Gli unici due elementi di complessità che sembravano evidenti anche ai più entusiasti della riforma erano il permanere di regole un po’ diverse fra Paesi europei per la privacy nelle comunicazioni elettroniche (es. telefonia e internet) che restava disciplinata almeno temporaneamente dalla direttiva 2002/58/CE, e il riconoscimento dato dal GDPR agli Stati nazionali di integrare con norme statali la disciplina privacy in alcuni settori anche “socialmente” più critici, come il rapporto di lavoro e la ricerca scientifica.

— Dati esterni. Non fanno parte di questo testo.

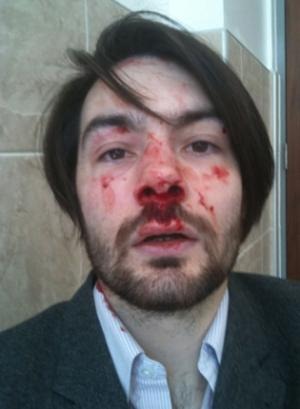 [blood[2].jpg]
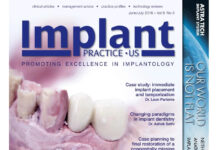 Implant Practice US – Promoting Excellence in Implantology (2016) Steve Barter
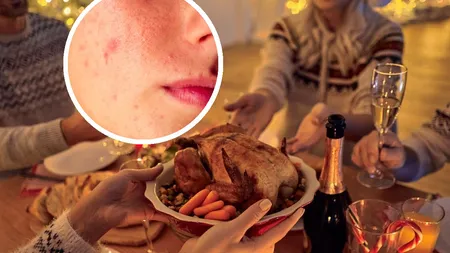 Cum ne afectează pielea alimentele pe care le consumăm de sărbători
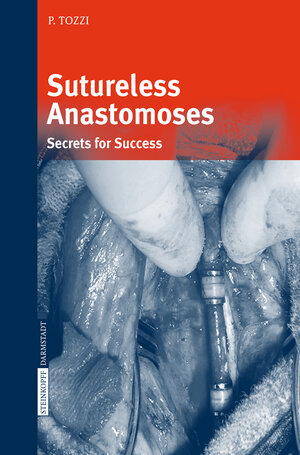 Buchcover Sutureless Anastomoses | Piergiorgio Tozzi | EAN 9783798517141 | ISBN 3-7985-1714-2 | ISBN 978-3-7985-1714-1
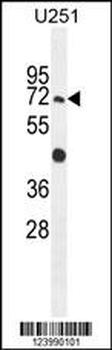GPAA1 Antibody (N-term)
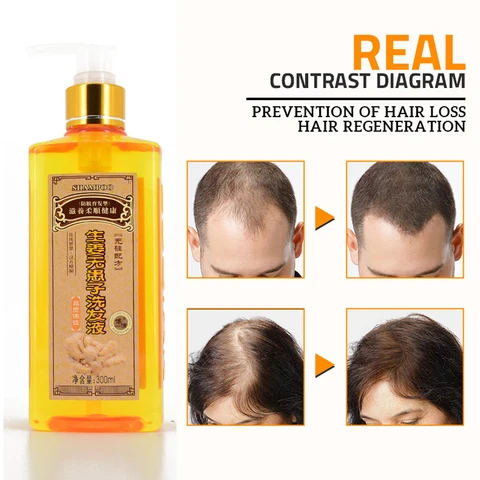 Оригинальный профессиональный шампунь для волос с имбирем 300 мл, быстрый восстановление плотности волос, утолщенный шампунь против выпадения волос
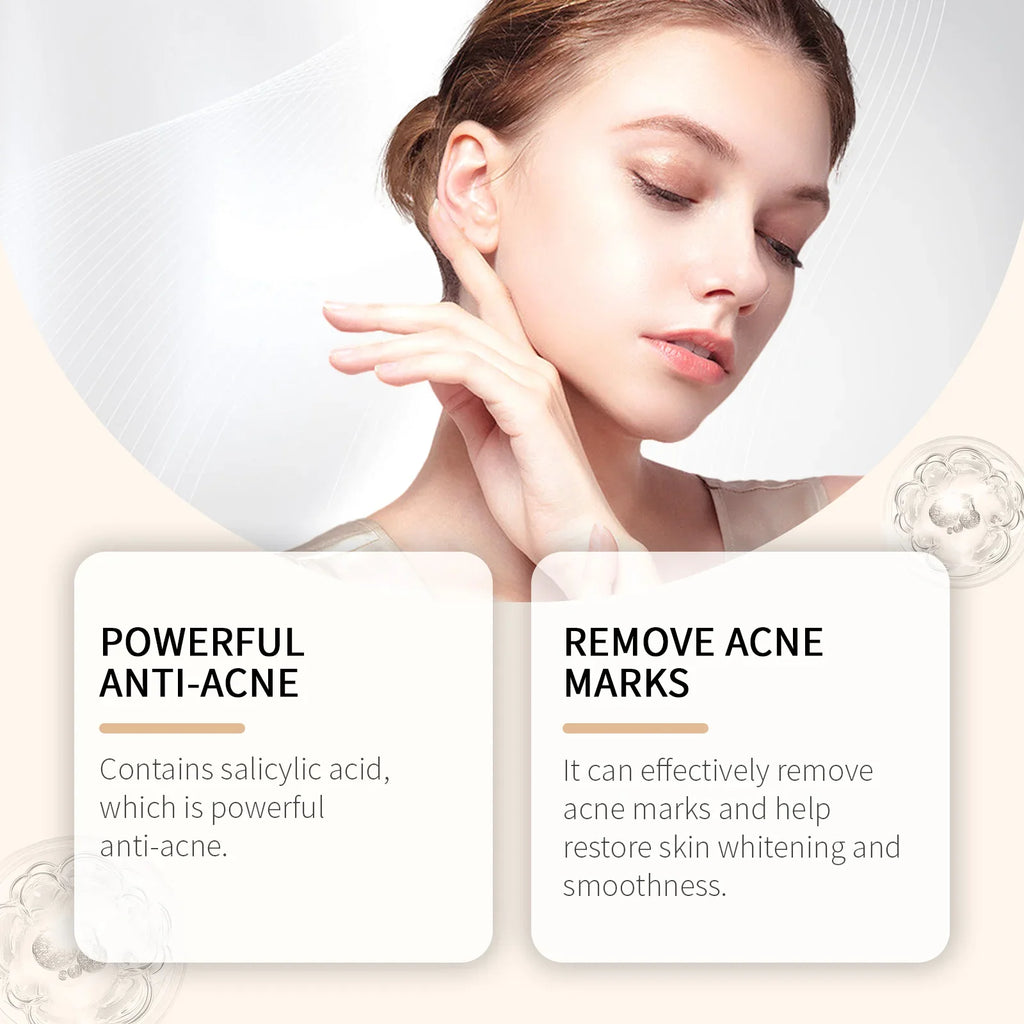 Calendula Blemish Cream – Oil Control, Mark Fading | Qme Facial Moisturizer Cream Qme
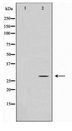 DDIT3 / CHOP Antibody - Western blot of Jurkat cell lysate using GADD153 Antibody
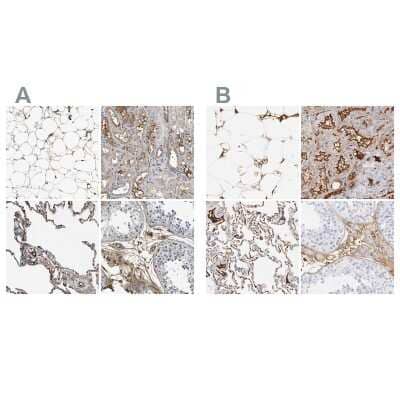 Immunohistochemistry-Paraffin: Complement C3 Antibody [NBP1-85492]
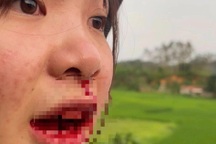 Cô gái 23 tuổi tố cáo bị tài xế ô tô hành hung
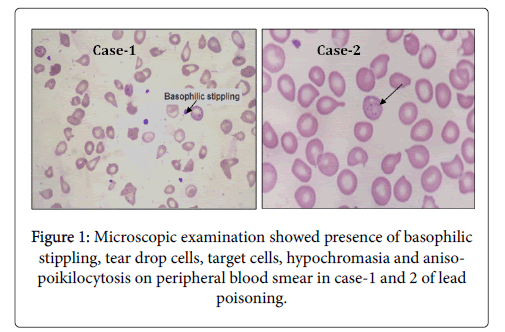 Target Cells Blood Film Causes Галерија слика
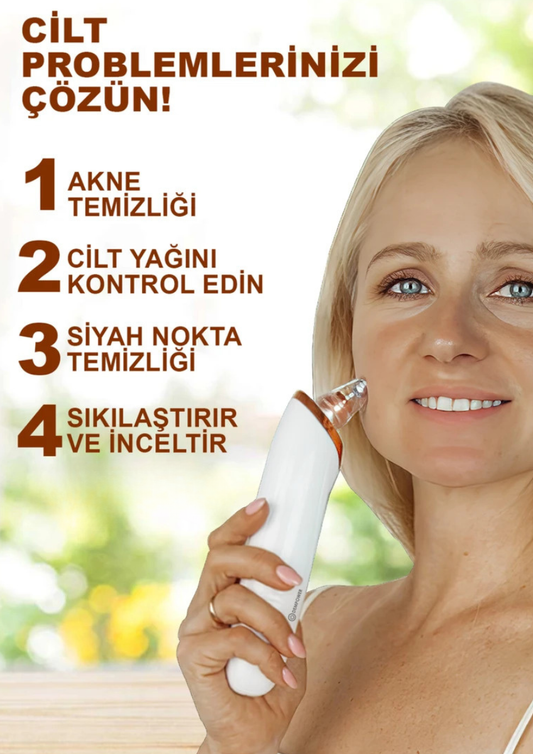 Mirello Siyah Nokta Temizleme Cihazı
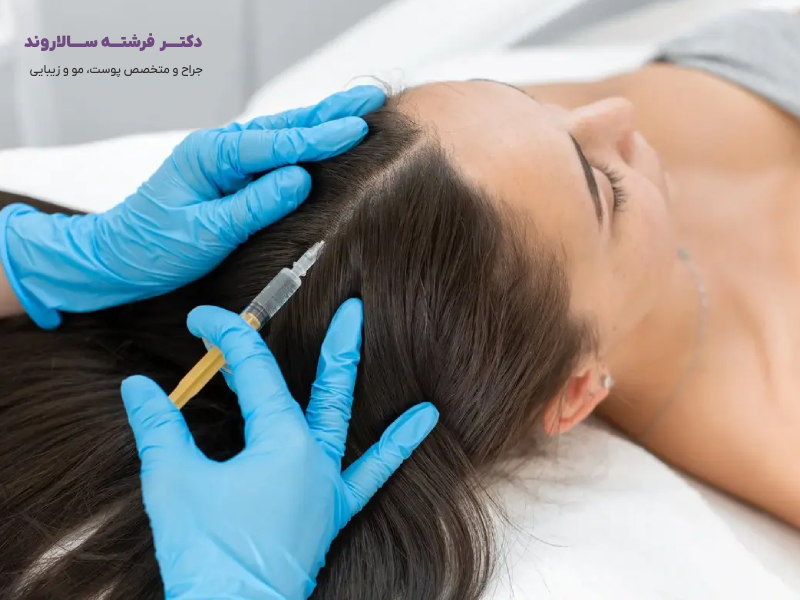 مزوتراپی مو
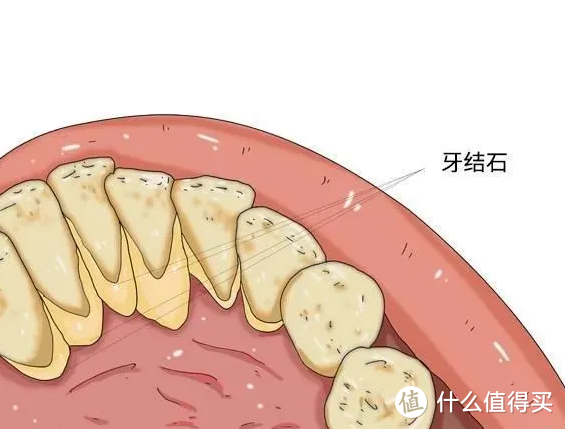 【不走弯路冲牙器测评分享】超全面冲牙器测评：扉乐、洁碧、松下、素士、力博得等详细对比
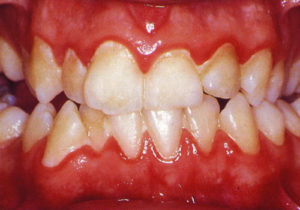 در ارتودنسی کدام دندان را می‌شکنند، بیماری لثه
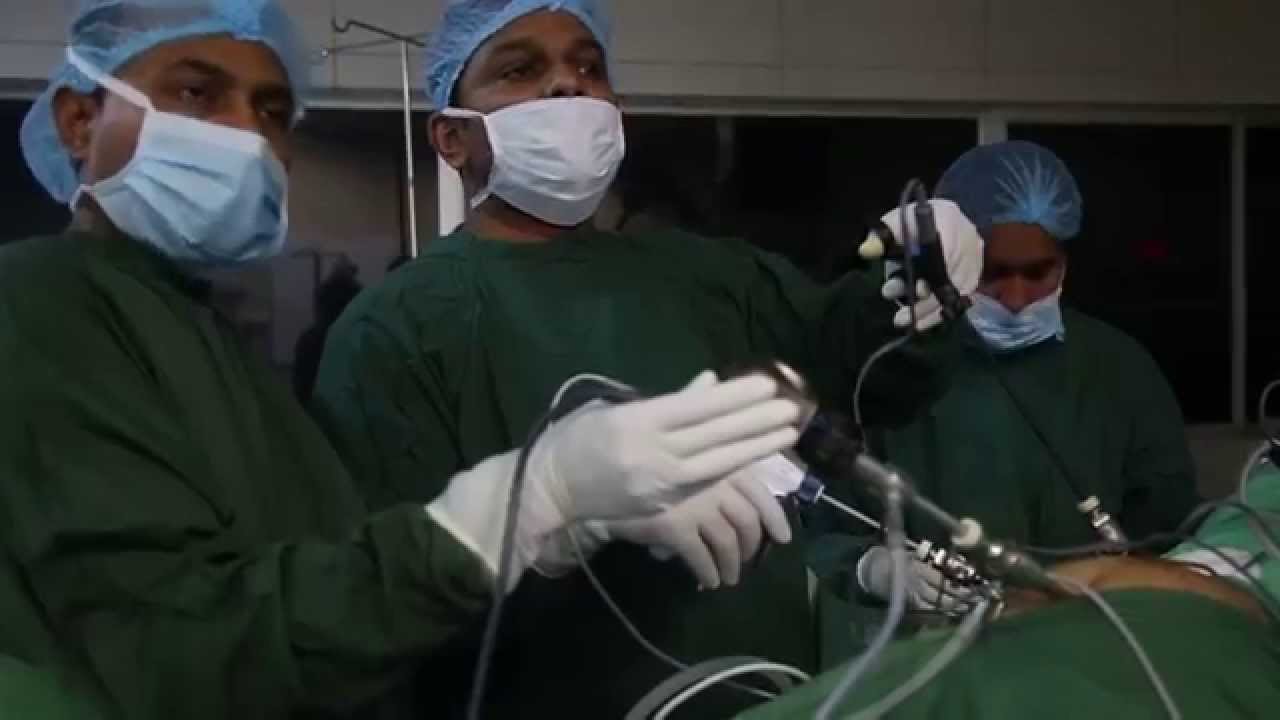 You are currently viewing Laproscopic Surgeries Video – 1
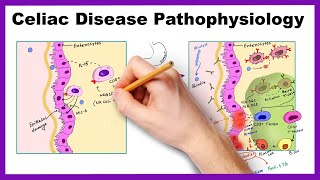 Understanding Coeliac Disease [upl. by Yelsehc]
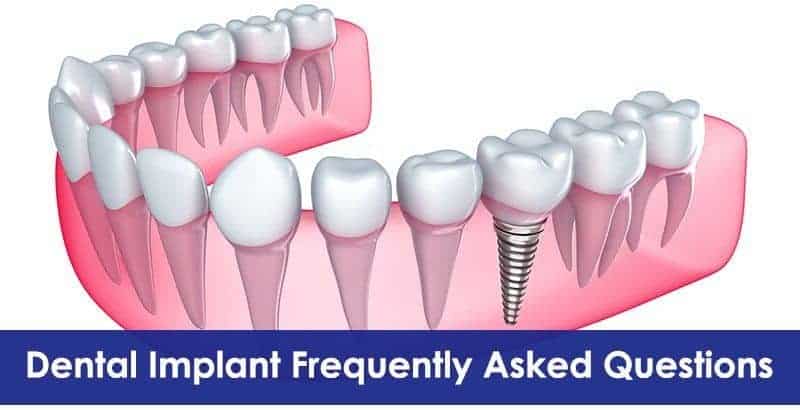 Dental Implant Frequently Asked Questions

L’indirizzo del legislatore italiano

Invece, già dalla prima bozza di riforma del codice privacy circolata in primavera, è stato chiaro che il legislatore italiano si stava orientando:

  • da un lato ad esercitare in modo innovativo la delega per le molte aree rimaste di competenza statale (come ad esempio l’individuazione dell’età a partire dalla quale un minore può esprimere il consenso nel contesto digitale, la tutela dei dati delle persone decedute, il funzionamento del procedimento ispettivo e sanzionatorio, le sanzioni penali),
  • dall’altro a mantenere un forte potere normativo dell’Autorità: il potere cioè, di emettere linee guida, provvedimenti prescrittivi con dettagliate indicazioni su adempimenti, misure organizzative, controlli da realizzare nei singoli settori.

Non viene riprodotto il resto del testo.